Zuhal Özden : la Saint-Valentin m’a aussi arrêté – DEMOCRAT NEWS

J’ai regardé tellement d’émissions de télévision qui valent la peine d’être évoquées que je suis un tel gâchis ces jours-ci. Il y a aussi des livres que je lis en même temps. Quand ma tête est si pleine, écrire ne suffit pas pour tout sortir.

Quoi qu’il en soit, j’ai décidé de vous parler de deux films que j’ai regardés récemment. Parce que si je n’écris pas quelque chose, il me sera impossible de vider mon esprit. Si je n’écris pas, je mourrai.

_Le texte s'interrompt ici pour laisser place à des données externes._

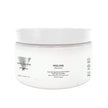 facial peeling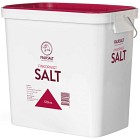 Falksalt Fint Salt utan Jod 12,5kg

Le film Valentine’s Day est le premier film dont je veux parler. Extrait du livre du même nom de Kemal Varol. Le père décrit le voyage que le fils a fait. J’ai lu l’interview du réalisateur Özcan Alper sur le film. Ils ont également écrit le scénario avec l’auteur. Le livre n’est pas adapté tel quel. Ils parlaient juste de la relation père-fils.

L’auteur, qui est aussi poète, a un long poème Kufran. Là, le poète parle de la relation père-enfant et dit;

“Quand tu penses que je ne suis pas comme

J’étais son croquis”

La deuxième phrase qui m’a impressionné est;

“Je pense que je ne reviendrai pas

J’en ai fait le tour.”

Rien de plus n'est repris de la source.